出産、育児をサポートするため週4日勤務への切り替えも

 その後、東京に戻った清海さん夫婦は、子供を授かる。

 周囲に頼れる親戚がいない東京で出産する奥さまを少しでもフォローしたいと思い、清海さんは仕事をセーブし、産前の検診に付き添ったり、必要なものをそろえたり、産後の育児に積極的に参加したりすることを決意する。

 「PE-BANKに週4日勤務が可能なプロジェクトを探してもらいました」(清海さん)

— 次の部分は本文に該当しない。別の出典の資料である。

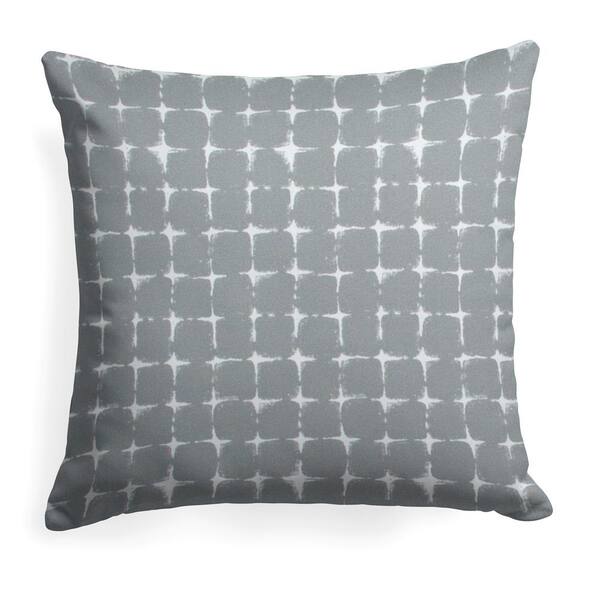 outdoor pillows grey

 PE-BANKは、清海さんの希望に応えてくれた。週の真ん中の水曜日を休みとし、月火木金の週4日勤務が可能な案件を紹介してもらった清海さんは、奥さまの産前、産後をサポートした。そのかいもあって、奥さまは無事に女の子を出産し、清海さんは父親になった。

 週4勤務のプロジェクトは8カ月ほど続けて契約終了。今はフルタイムのプロジェクトに移り、バリバリ働いているという。

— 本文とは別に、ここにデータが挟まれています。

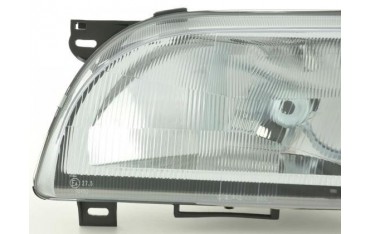 Spare parts headlight left Ford Transit 95 00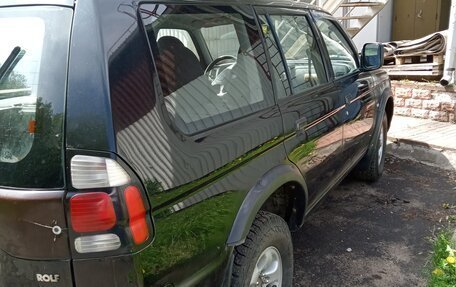 Mitsubishi Pajero Sport II рестайлинг, 2005 год, 835 000 рублей, 13 фотография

 このように、ライフスタイルに合わせて働き方を自在に変えられるのも企業常駐型フリーランスならではの特長といえる。必要な期間だけ働き方を変え、また元に戻すといったことも自在だ。

 現在はRPA(Robotic Process Automation)関連のシステム開発に参画している清海さん。

 「学生時代に研究していたフローチャート記述によるプログラミングツールが、RPAに通じるところがあり、とても楽しく仕事を進めています」(清海さん)

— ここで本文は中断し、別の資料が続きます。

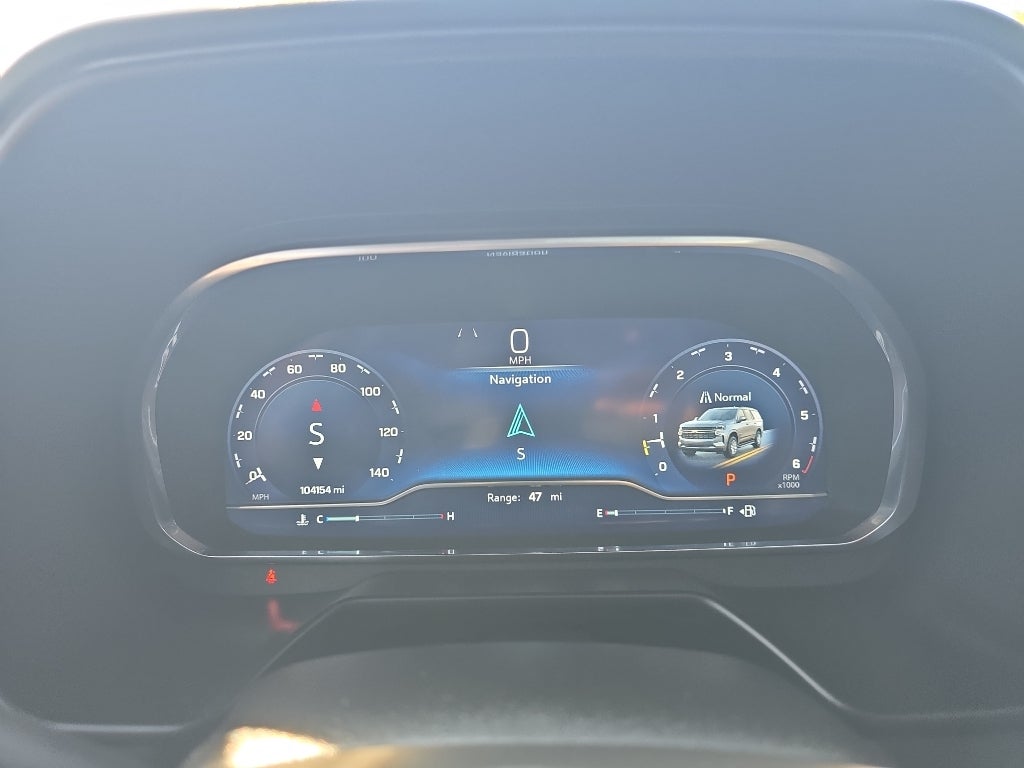 2023 Chevrolet Suburban RST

 今後は、プログラム開発のみならず、ビジネスを効率化するあらゆる課題を解決していくエンジニアを目指し、将来はITコンサルティングのような仕事スタイルを目指したいと清海さんは将来の抱負を語ってくれた。

 キャリアを自由にデザインできる企業常駐型フリーランスは、将来の不安を今のうちから解消できる全く新しい働き方かもしれない。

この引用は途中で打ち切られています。